The prior, Gamache thought, must have had a hard head.
He sensed, rather than saw, Beauvoir kneel beside him. He looked over and saw Captain Charbonneau beside Beauvoir. They’d brought their evidence kits.
Gamache glanced back to the garden. Scene of Crime tape had been put up around the grass and outlined a trail to the flower bed.
The abbot had rejoined the other monks and together they were reciting the Hail Mary.
Beauvoir brought out his notebook. A fresh one for a fresh body.
Gamache himself did not take notes, but preferred to listen.
“What do you think?” the Chief asked, looking at Charbonneau.
The captain’s eyes widened. “ Moi? ”
Gamache nodded.
For a horrible moment Captain Charbonneau thought nothing. His mind went as blank as the dead man’s. He stared at Gamache. But far from being haughty or demanding the Chief Inspector was simply attentive. This was no trap, no trick.

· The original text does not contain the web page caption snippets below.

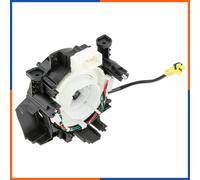 NTY EAS-NS-009 Molla spiroelicoidale, Airbag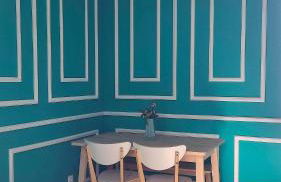 Afonso Galo Guest Apartments III - Foto 6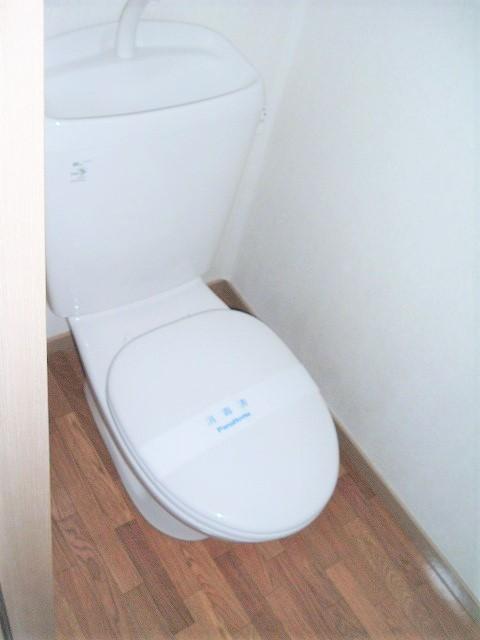 11/13 その他画像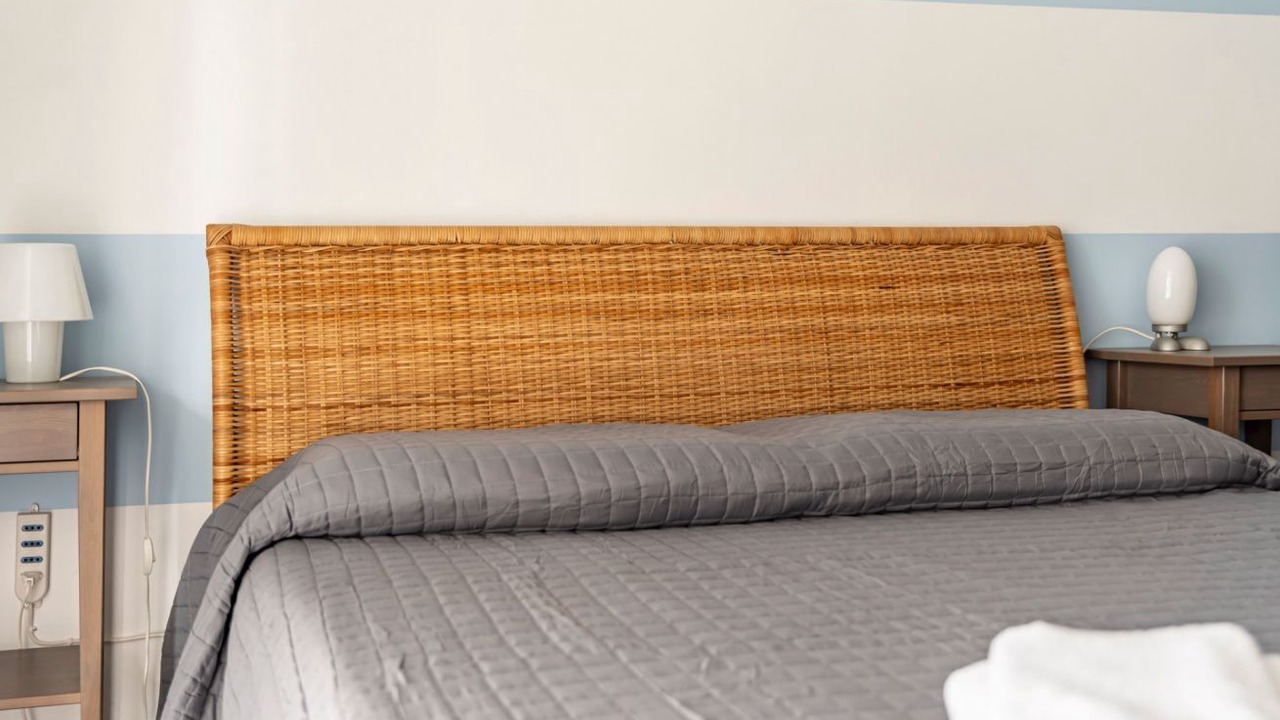 Photo of Bedroom in Corno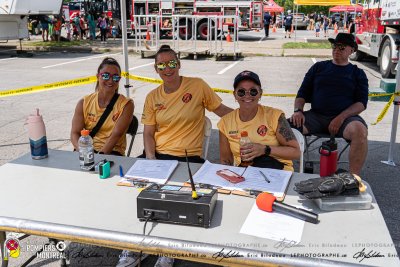 Le RENDEZ-VOUS FAMILIAL des POMPIERS de MONTRÉAL 2025 - 2025-APM-P045-0412-WEB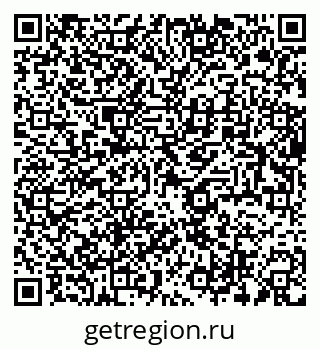 79634292891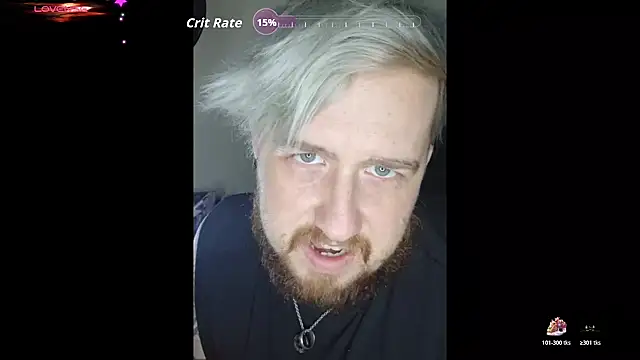 My PVTs Get Good REAL Fast 😈– ThatAltGuy kameramodell videója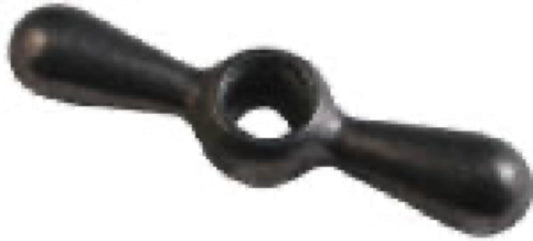 Sillcock Tee Handle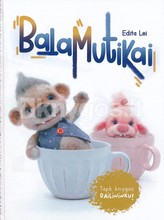 Balamutikai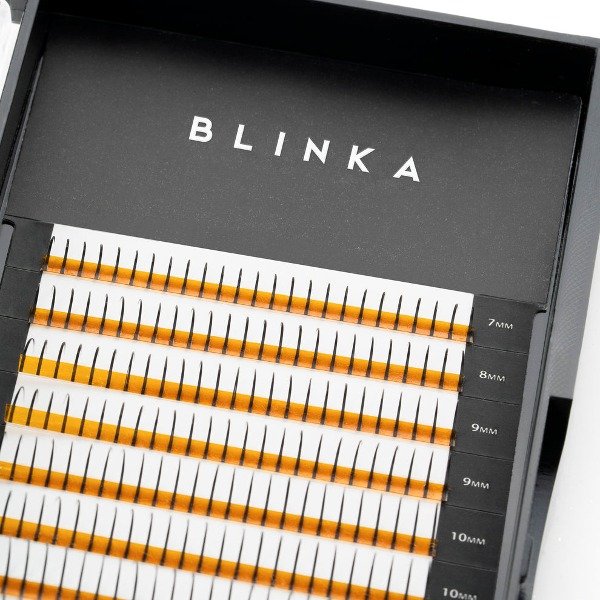 Producto - Tecnologicas Blinka - Spike - 5D 0.06 - Curva CC Anime,Kim K, Humedo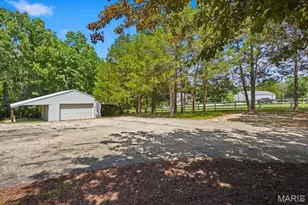 2631 S Mangan Rd, Pacific, MO 63069 - Photo 18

Charbonneau felt his heart slow and his brain speed up.
Gamache smiled encouragingly. “Take your time. I’d rather have a thoughtful answer than a fast one.”
“… pray for us sinners…”
The three monks intoned while the three officers knelt.
Charbonneau looked around the garden. It was walled. The only entrance and exit through the bookcase. There was no ladder, no evidence anyone had climbed into or out of there. He looked up. The garden wasn’t overlooked. No one could have witnessed what had happened here.